Built for WebP at 200 KB
The most efficient format for a roomy web target, any input, handled in one pass.
Full resolution most of the time
At 200 KB there is real headroom, so Sukat can usually hit the target without touching dimensions at all — your hero or product photo stays at its native size and simply trades a few quality points the eye won’t notice.
Best quality-per-byte vs JPEG
WebP is typically 25–35% more efficient than JPEG at the same visual quality, so a 200 KB WebP shows more detail than a 200 KB JPEG. Sukat’s binary search converges on the highest WebP quality that still fits under the cap.
Transparency preserved
If the source has an alpha channel, the WebP output keeps it — PNG-style transparency at a fraction of the size, which is exactly what a lean 200 KB web image wants.

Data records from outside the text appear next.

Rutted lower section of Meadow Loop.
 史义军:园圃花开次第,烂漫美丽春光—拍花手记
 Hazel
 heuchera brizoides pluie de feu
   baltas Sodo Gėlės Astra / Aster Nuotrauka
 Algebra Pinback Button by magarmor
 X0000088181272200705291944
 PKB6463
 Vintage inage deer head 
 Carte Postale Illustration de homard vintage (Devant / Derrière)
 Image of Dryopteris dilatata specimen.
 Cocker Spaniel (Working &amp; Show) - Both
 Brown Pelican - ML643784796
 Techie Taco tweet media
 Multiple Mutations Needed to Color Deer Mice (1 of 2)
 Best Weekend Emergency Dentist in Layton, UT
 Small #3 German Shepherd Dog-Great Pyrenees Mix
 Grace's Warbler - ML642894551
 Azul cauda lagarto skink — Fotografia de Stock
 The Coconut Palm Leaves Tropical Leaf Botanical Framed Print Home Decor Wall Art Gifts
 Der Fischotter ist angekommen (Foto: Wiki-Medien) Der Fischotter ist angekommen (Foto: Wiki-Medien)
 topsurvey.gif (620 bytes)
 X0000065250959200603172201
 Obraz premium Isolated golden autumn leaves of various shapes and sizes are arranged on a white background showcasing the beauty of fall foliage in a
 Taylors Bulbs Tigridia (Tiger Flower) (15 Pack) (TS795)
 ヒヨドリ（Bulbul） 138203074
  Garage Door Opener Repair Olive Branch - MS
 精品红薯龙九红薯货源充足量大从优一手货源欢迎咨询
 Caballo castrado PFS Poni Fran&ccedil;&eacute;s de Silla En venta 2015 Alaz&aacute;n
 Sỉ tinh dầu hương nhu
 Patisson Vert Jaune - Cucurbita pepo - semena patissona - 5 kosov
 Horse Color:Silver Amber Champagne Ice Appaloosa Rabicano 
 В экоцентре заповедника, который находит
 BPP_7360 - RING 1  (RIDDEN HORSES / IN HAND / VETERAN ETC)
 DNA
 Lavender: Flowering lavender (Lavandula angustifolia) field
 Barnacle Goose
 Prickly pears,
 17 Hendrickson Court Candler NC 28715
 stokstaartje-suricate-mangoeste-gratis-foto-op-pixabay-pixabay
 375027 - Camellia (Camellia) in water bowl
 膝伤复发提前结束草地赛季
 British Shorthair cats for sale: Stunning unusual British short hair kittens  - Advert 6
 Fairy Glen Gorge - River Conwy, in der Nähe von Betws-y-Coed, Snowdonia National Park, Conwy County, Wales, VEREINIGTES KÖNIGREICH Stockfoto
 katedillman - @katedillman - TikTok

Any input, converted in the same pass
Drop a JPG, PNG, HEIC, AVIF, or GIF and pick WebP output — Sukat decodes in-browser, converts, and compresses to 200 KB in one step. HEIC straight from an iPhone is handled natively.
Local-only, no upload
Compression runs entirely in your browser via the Canvas API. Your images never reach a server, EXIF and GPS are stripped on re-encode, and you can verify by switching to airplane mode after the page loads.